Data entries

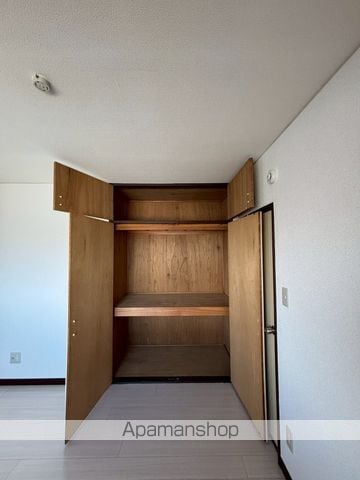 レイクハイツ当知の内装写真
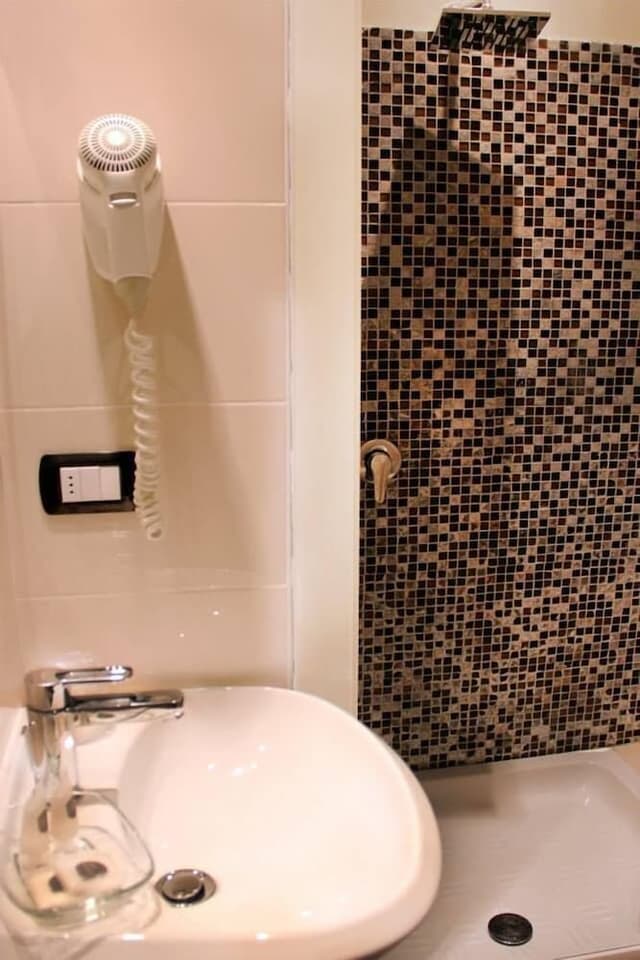 Standard Double or Twin Room, Ensuite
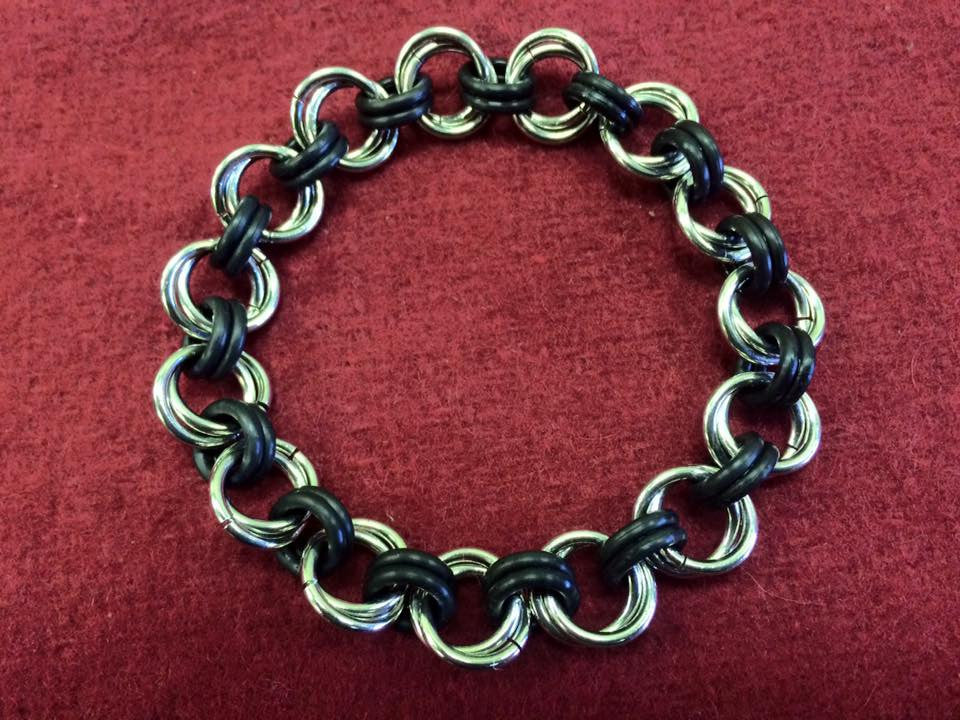 DAC Handmade - Bracelet - Stretchy - Celtic Spiral
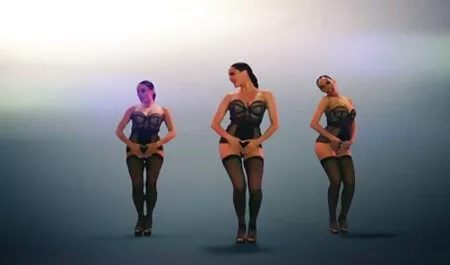 En los barrios pobres de la India, un hindú veteranas xvideos gruñe y busca a tientas la frente de una hermosa mujer india detrás de persianas cerradas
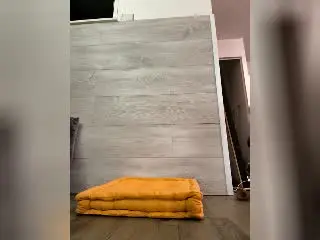 Xlovecam Sex Cam of OrianaLaFrancaise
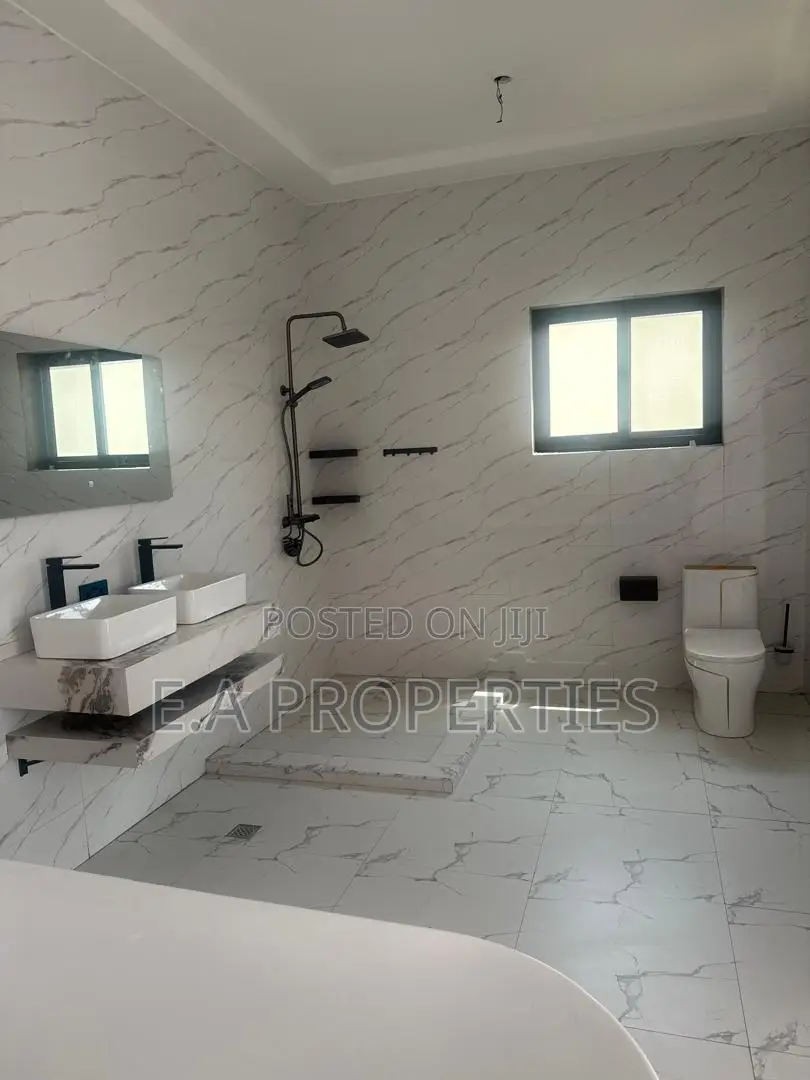 4bdrm House in Ea Properties, Asore Junction for sale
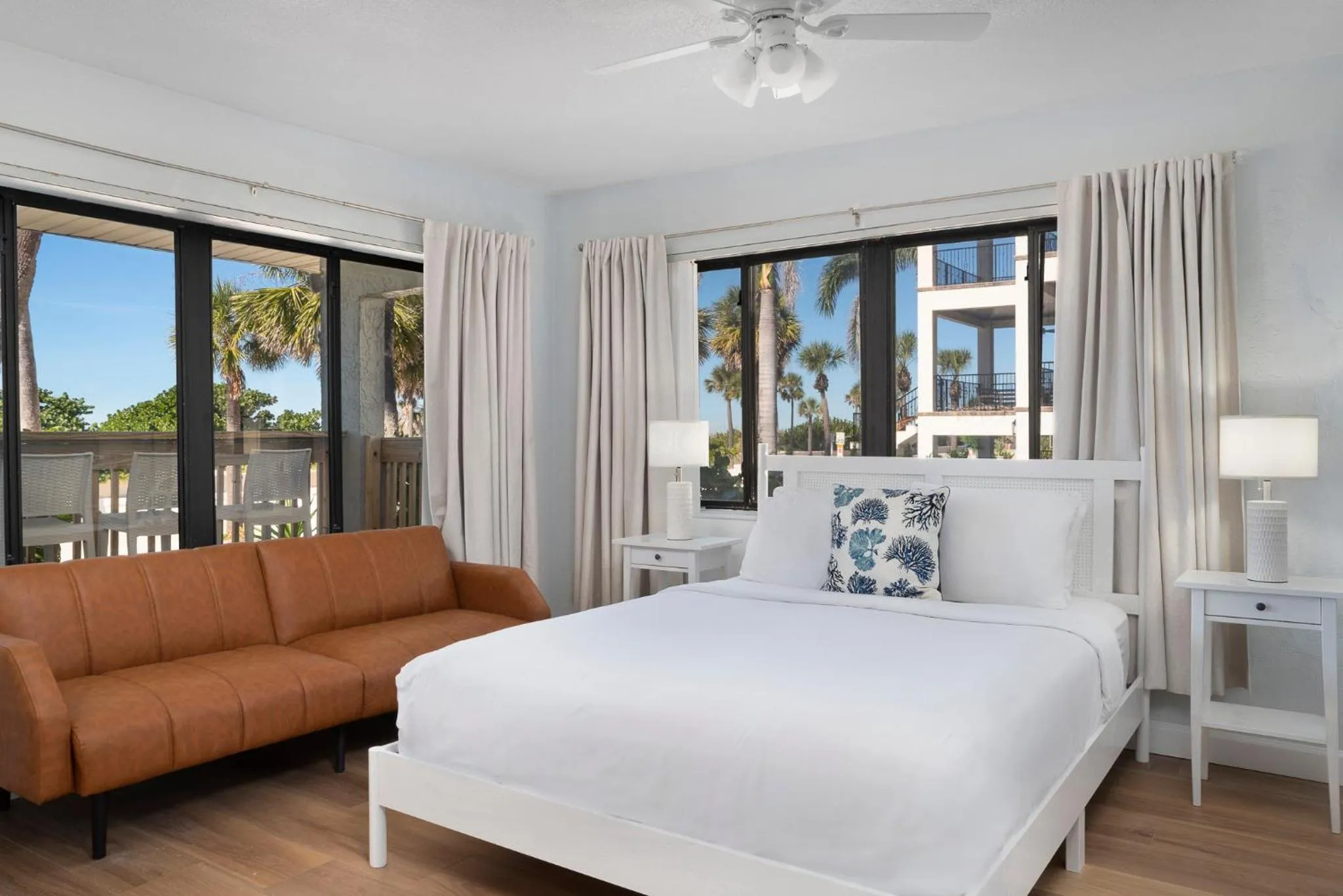 Bed in Sabal Palms Inn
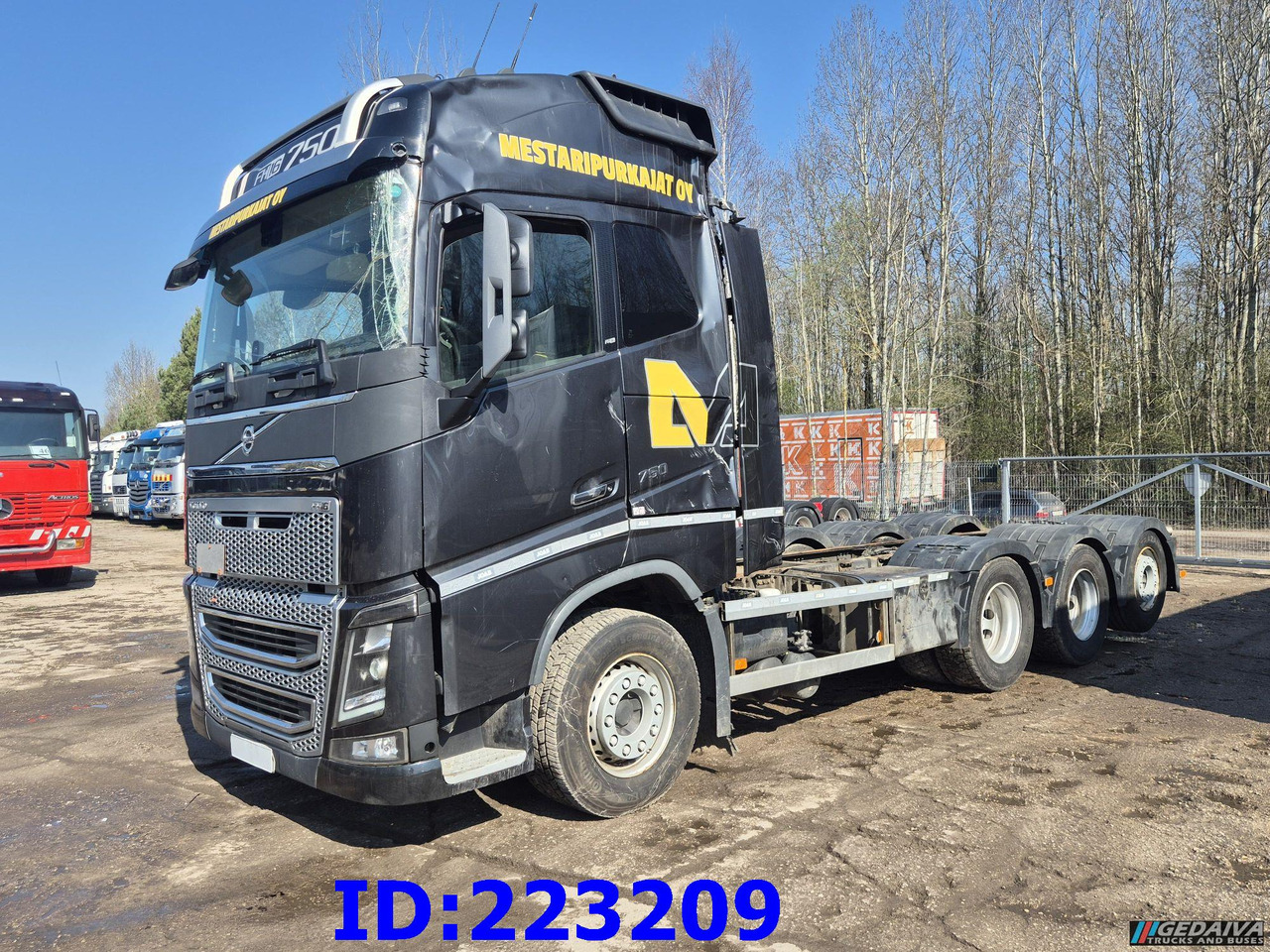 VOLVO FH16 750HP 8x4 Steering axle - Грузовик-шасси: фото 4 VOLVO FH16 750HP 8x4 Steering axle - Грузовик-шасси: фото 4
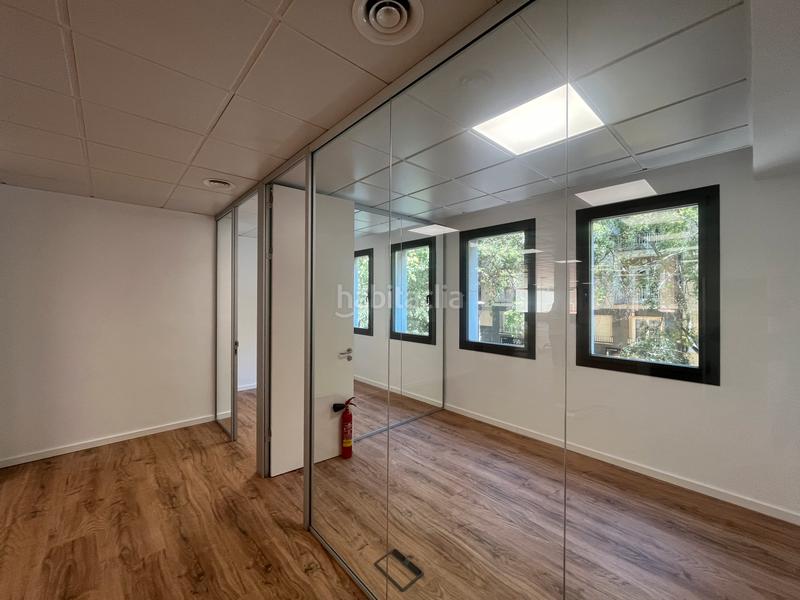Foto 3572fa36-c954-445d-8d4a-b0e97cea1435. Miete büro in La Nova Esquerra de l´Eixample Barcelona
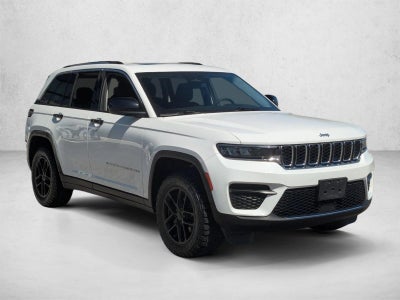 2023 Jeep Grand Cherokee Laredo 4x4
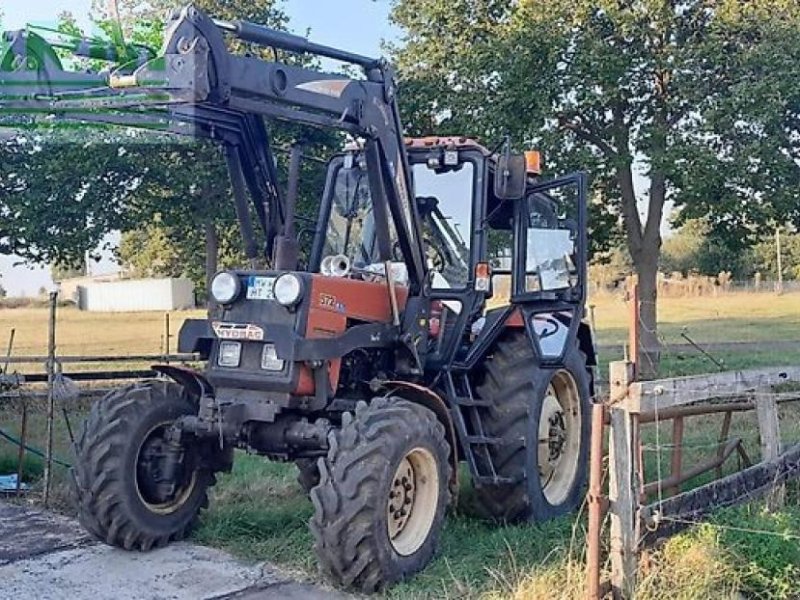 Traktor des Typs Belarus 572, Gebrauchtmaschine in ZWÖNITZ OT HORMERSDORF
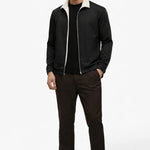CORE JACKET BLACK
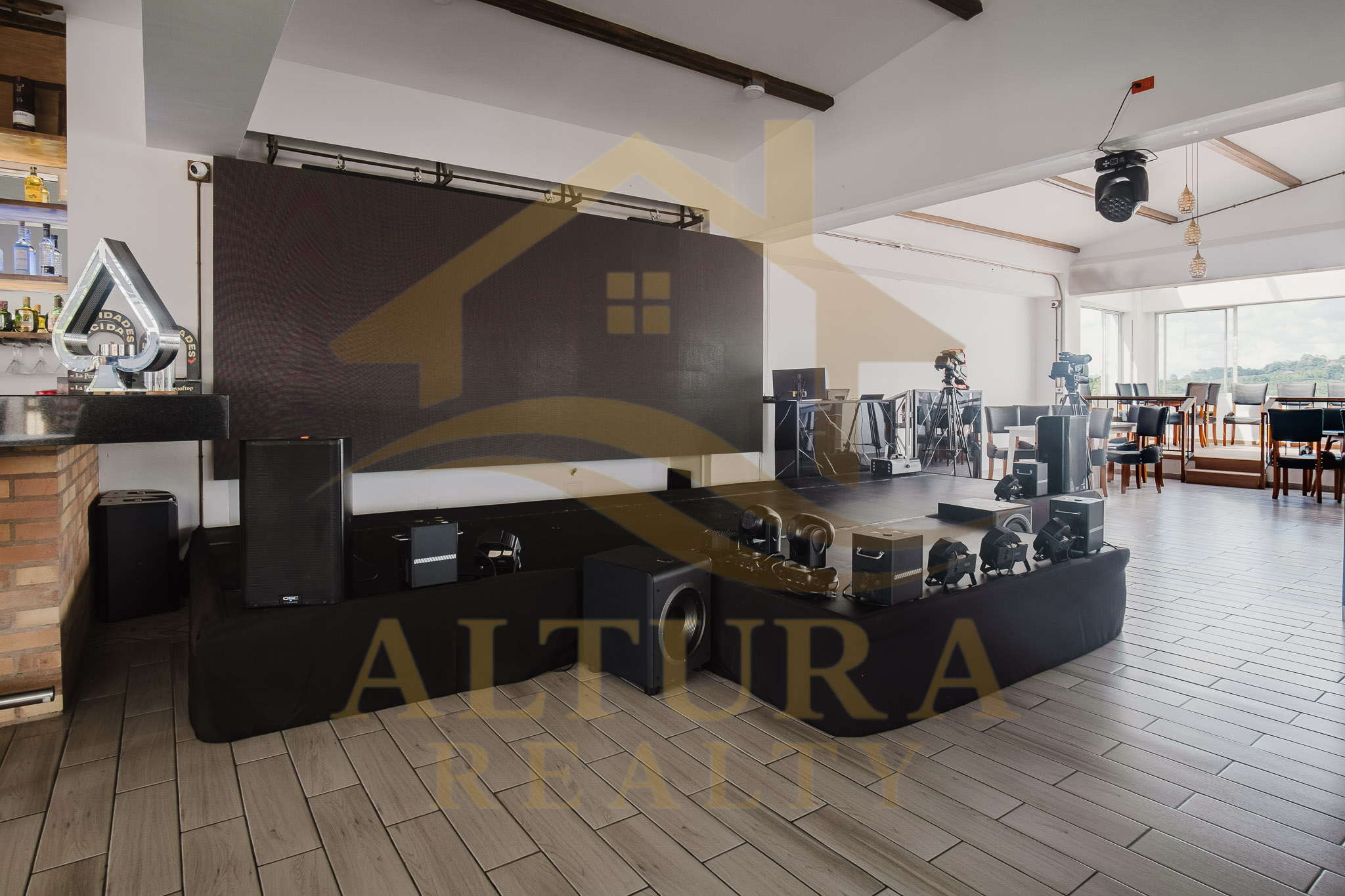 BUILDING FOR SALE IN CIRCASIA, QUINDÍO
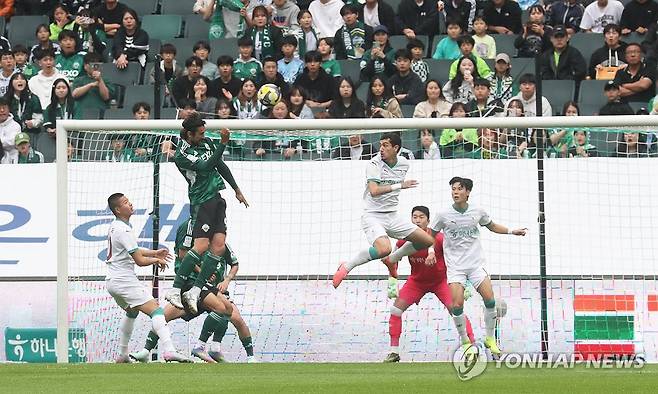 전북 콤파뇨 헤딩슛 (전주=연합뉴스) 최영수 기자 = 6일 전주월드컵경기장에서 벌어진 프로축구 K리그1. 전북 콤파뇨가 대전과 경기에서 헤딩슛하고 있다. 2025.5.6 kan@yna.co.kr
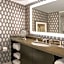 DoubleTree by Hilton Hotel Chicago Wood Dale - Elk Grove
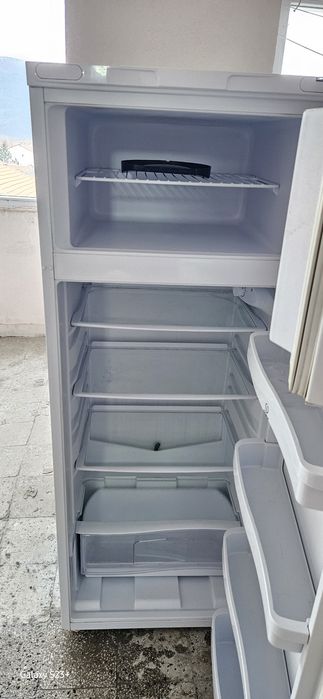 Хладилник индезит indesit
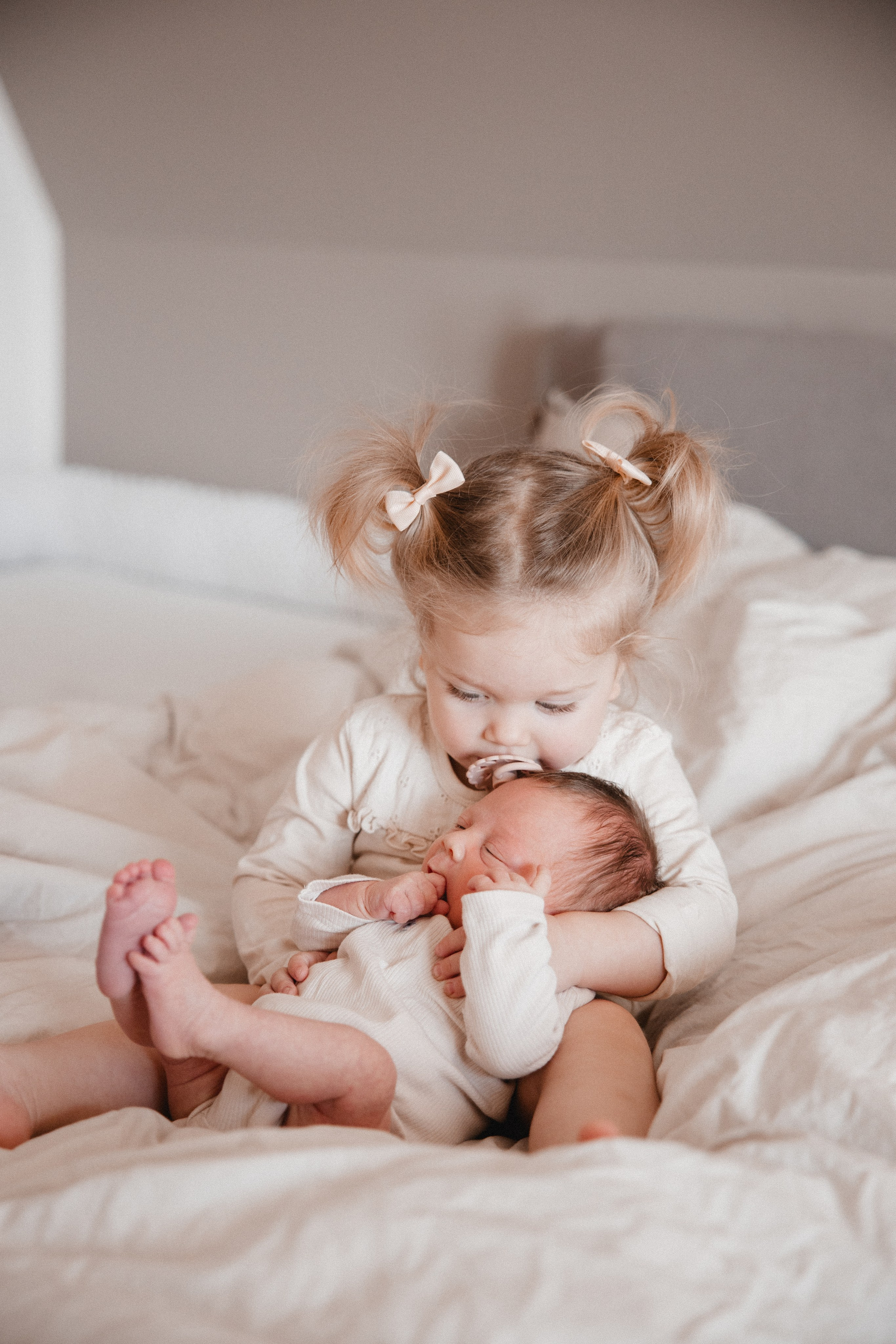 Neugeborenenfotos Zuhause. Hochzeitsfotografie |Hochzeitsfotograf Bochum | Hochzeitsfotograf Dortmund | Hochzeitsfotograf Essen | Hochzeitsfotograf Ruhrgebiet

#### Aim of the task:
Exactly as written, repeat the lines from the beginning of the entries up to and including the line with "En los barrios", but not the pictures.

#### Exercise result:
 レイクハイツ当知の内装写真
 Standard Double or Twin Room, Ensuite
 DAC Handmade - Bracelet - Stretchy - Celtic Spiral
 En los barrios pobres de la India, un hindú veteranas xvideos gruñe y busca a tientas la frente de una hermosa mujer india detrás de persianas cerradas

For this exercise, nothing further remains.